# What this task involves
Give a faithful, exact copy of all entries, minus the images.

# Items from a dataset
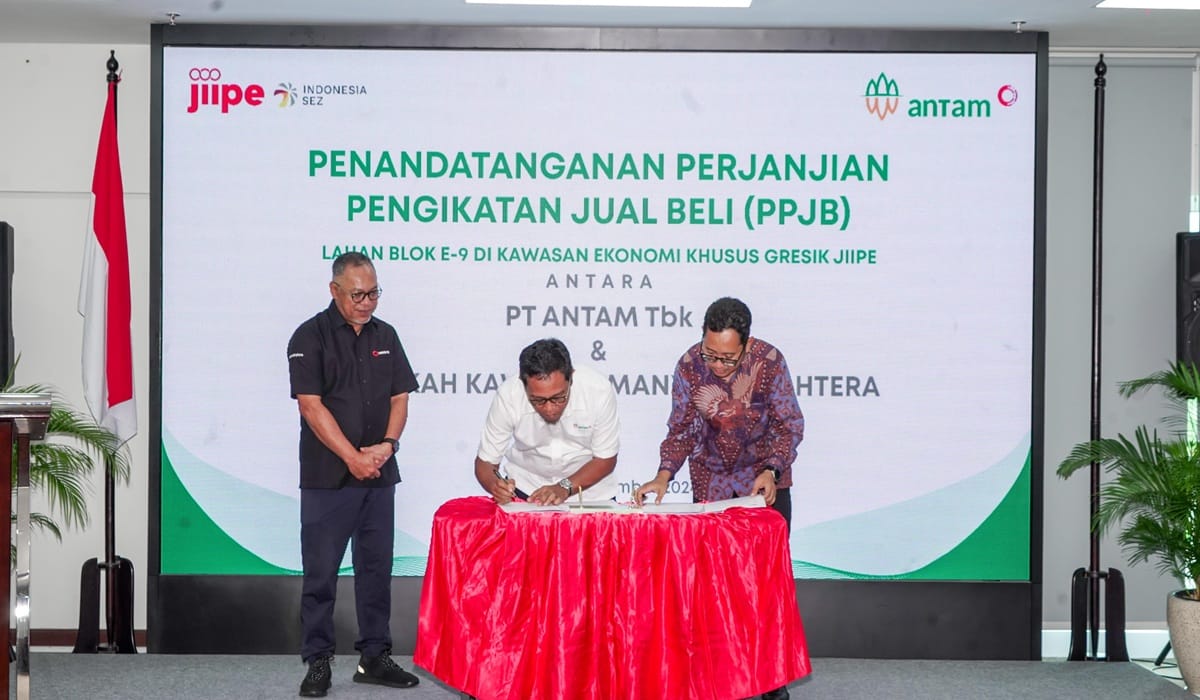 Resmi Bergabung : Pimpinan PT Antam menandatangani kesepakatan jual beli lahan dengan manajemen KEK JIIPE Gresik, Kamis (09/01).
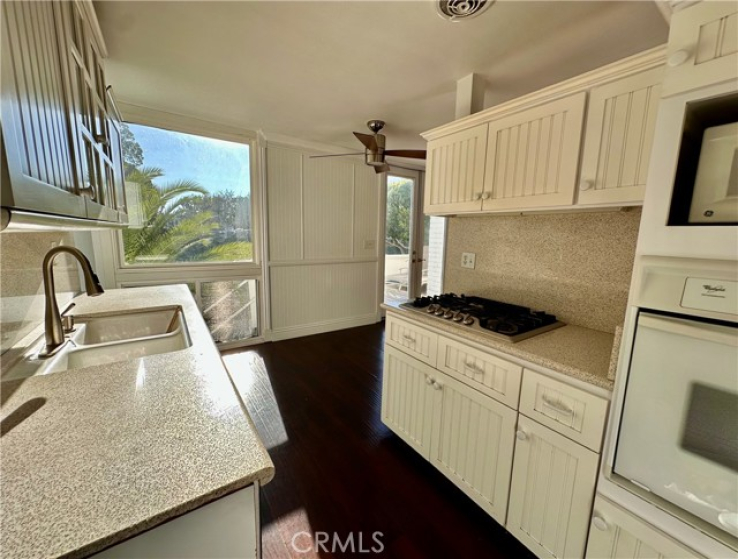 2 Bed Home to Rent in Corona del Mar, California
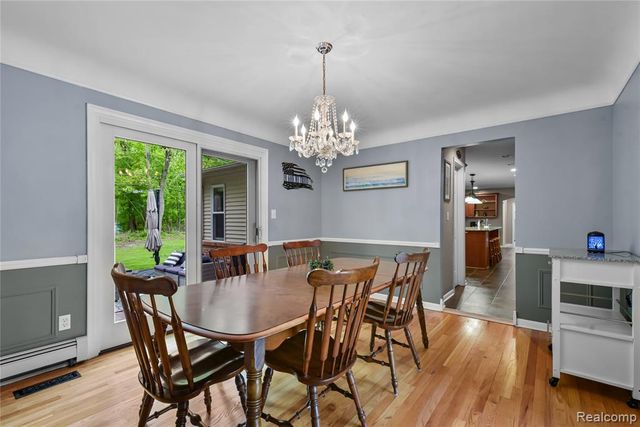 26060 Hidden Lane, Grosse Ile, MI 48138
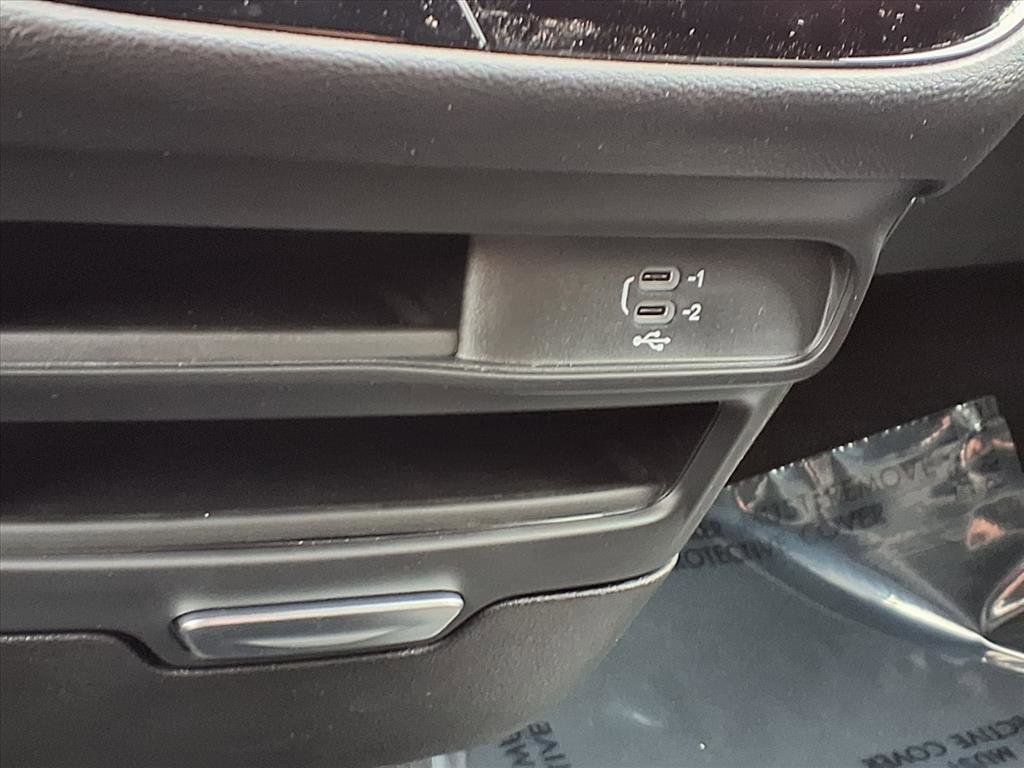 New 2026 Chrysler Voyager LX image 13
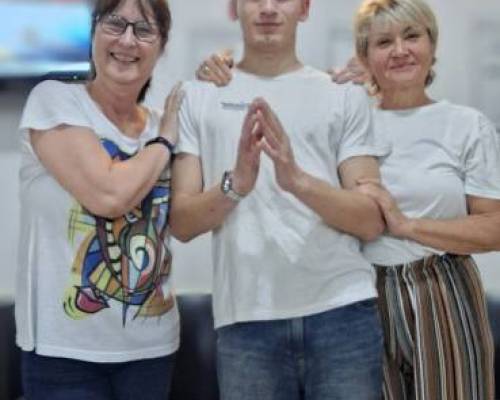 32354 2 AGREGAMOS UN NUEVO HORARIO!! EN EL TALLER DE CANTO  ,8 AÑO CONSECUTIVO!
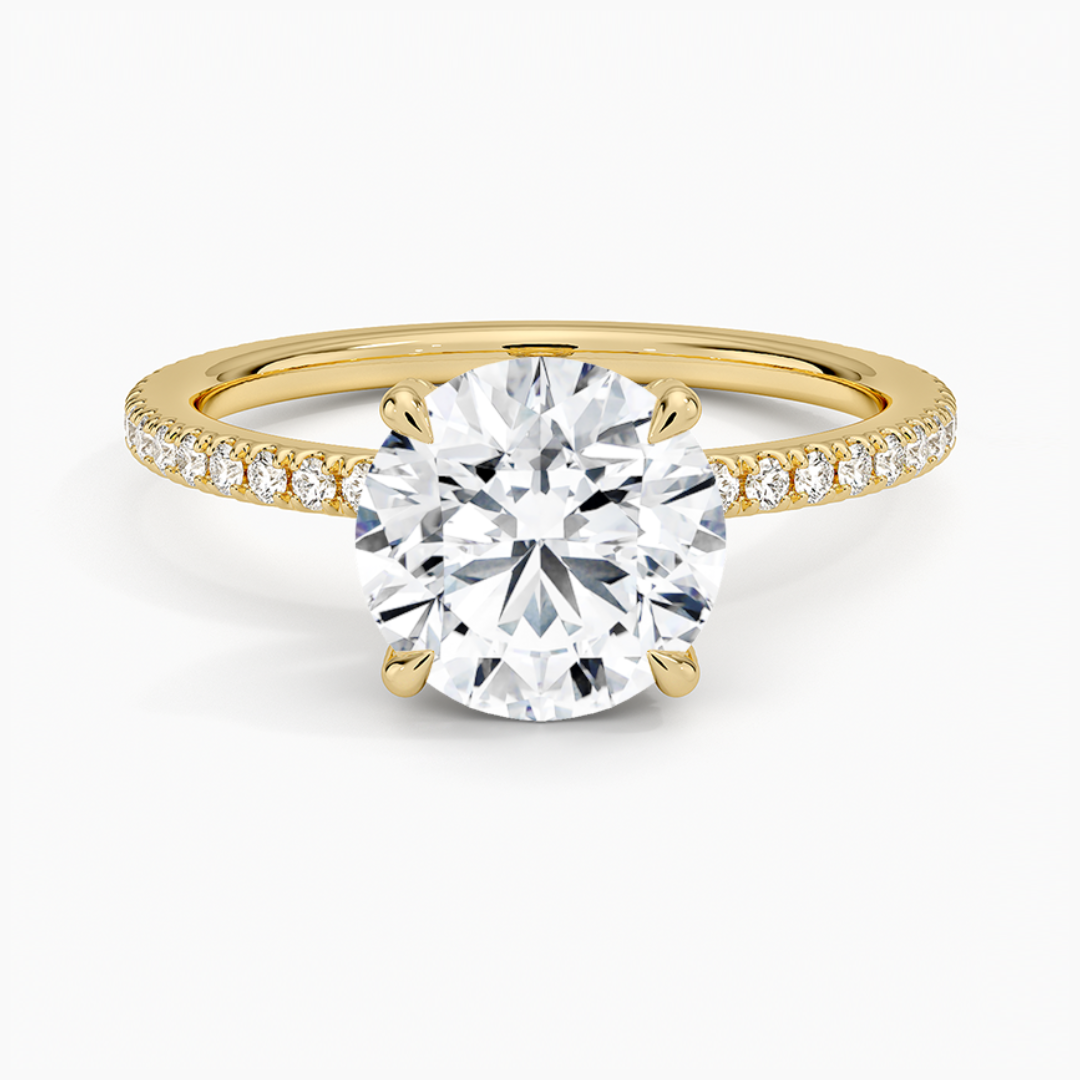 Classic Round Diamond Ring – Timeless Brilliance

# Expected output
 Resmi Bergabung : Pimpinan PT Antam menandatangani kesepakatan jual beli lahan dengan manajemen KEK JIIPE Gresik, Kamis (09/01).
 2 Bed Home to Rent in Corona del Mar, California
 26060 Hidden Lane, Grosse Ile, MI 48138
 New 2026 Chrysler Voyager LX image 13
 32354 2 AGREGAMOS UN NUEVO HORARIO!! EN EL TALLER DE CANTO  ,8 AÑO CONSECUTIVO!
 Classic Round Diamond Ring – Timeless Brilliance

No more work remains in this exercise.